CFTC, SEC settle with foreign trading platform conducting Bitcoin transactions without proper registration
On March 4, the CFTC resolved an action taken against a foreign trading platform and its CEO (defendants) for allegedly offering and selling security-based swaps to U.S. customers without registering as a futures commission merchant or designated contract market with the CFTC. The CFTC alleged that the platform permitted customers to transact in “contracts for difference,” which were transactions to exchange the difference in value of an underlying asset between the time at which the trading position was established and the time at which it was terminated. The transactions were initiated through, and settled in, Bitcoin. The CFTC alleged that these transactions constituted “retail commodity transactions,” which would have required the platform to receive the proper registration.
According to the CFTC, the defendants, among other things, (i) neglected to register as a futures commission merchant with the CFTC; and (ii) failed to comply with required anti-money laundering procedures, including implementing an adequate know-your-customer/customer identification program. The consent order entered by the U.S. District Court for the District of Columbia imposes a civil monetary penalty of $175,000 and requires the disgorgement of $246,000 of gains. The consent order also requires the defendants to certify to the CFTC the liquidation of all U.S. customer accounts and the repayment of approximately $570,000 worth of Bitcoins to U.S. customers.
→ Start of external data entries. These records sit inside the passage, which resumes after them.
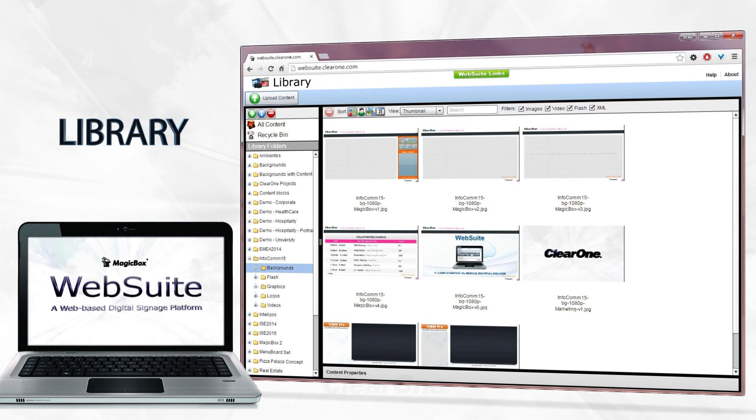The Library is where you upload and store all of your digital content. It's easy to organize and locate your files with folder collections, using different viewing and filtering options.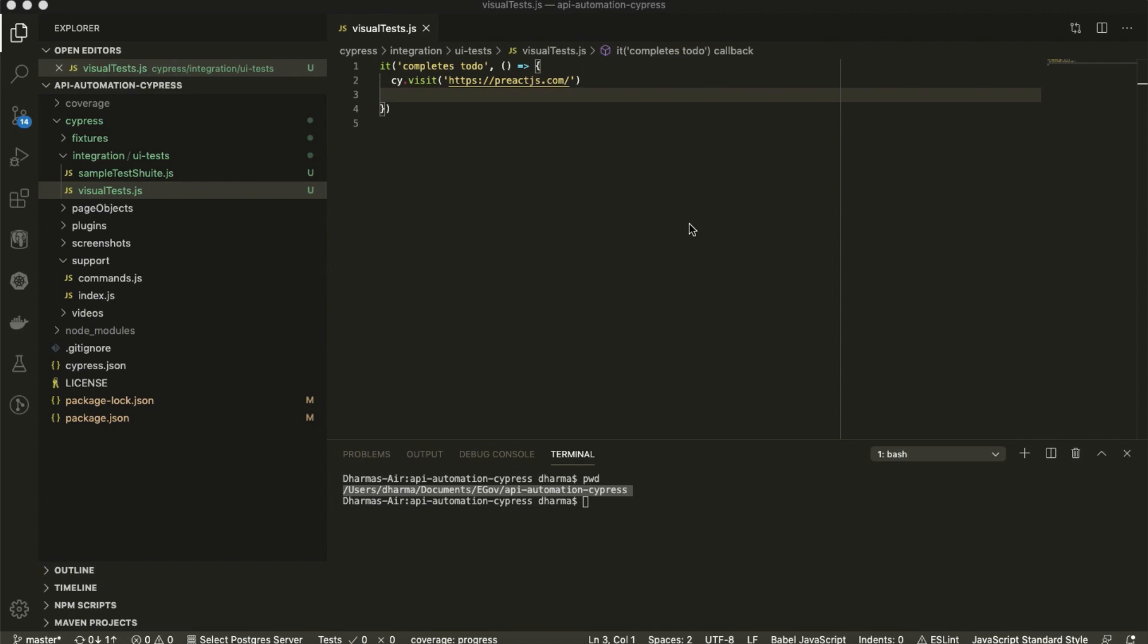Hello everyone, welcome to TechEQI channel. In this video, we are going to see how to validate the CSS property of UI elements.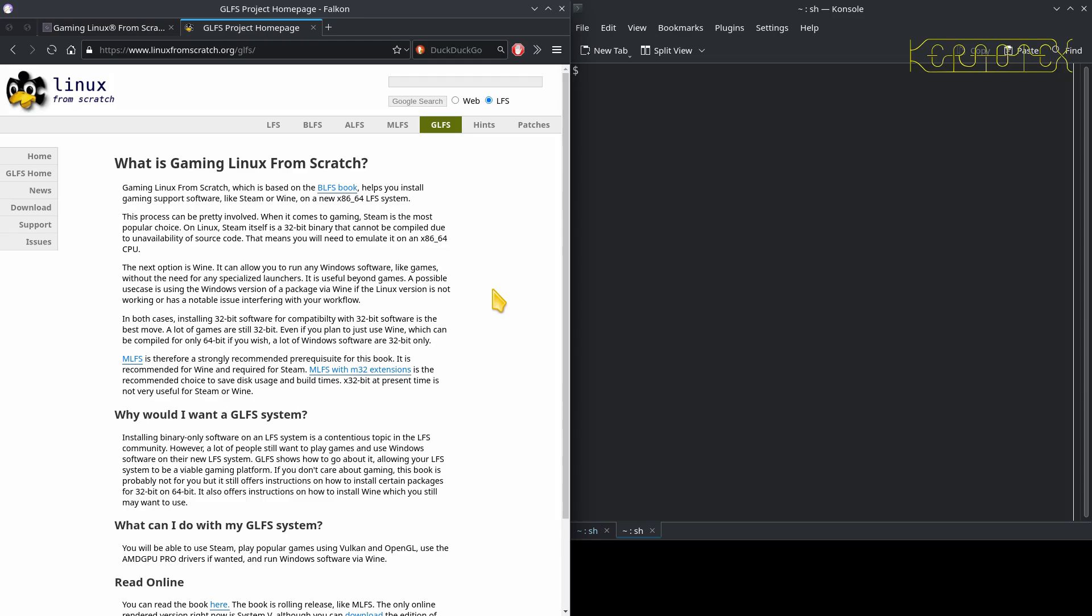One other issue I had was with the graphics card. Now, the laptop that I've been building, well, Linux from scratch 12.3 on originally at the beginning of March 2025, and MLFS, which I've just built in the latter half of March. It's got an NVIDIA graphics card built in, a 940M, which is part of the reason why I'm using this to do this, because it's spare and it's got an NVIDIA card.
In a parallel action, the SEC entered into a final judgment the same day to resolve claims that, among other things, the defendants failed to properly register as a security-based swaps dealer. The defendants are permanently restrained and enjoined from future violations of the Securities Act of 1933 and are required to pay disgorgement of approximately $53,393. This action demonstrates the potential application of CFTC and SEC registration requirements to non-U.S. companies engaging in covered transactions with U.S. customers.
On March 5, FTC Chairman Joseph Simons spoke at the National Association of Attorneys General (NAAG) Winter Meeting to advocate for increased collaboration with state Attorneys General. Noting that such collaboration is critical to the agency’s mission, Simons highlighted FTC consumer protection goals as well as several collaborative efforts, including joint task forces and investigation and enforcement initiatives.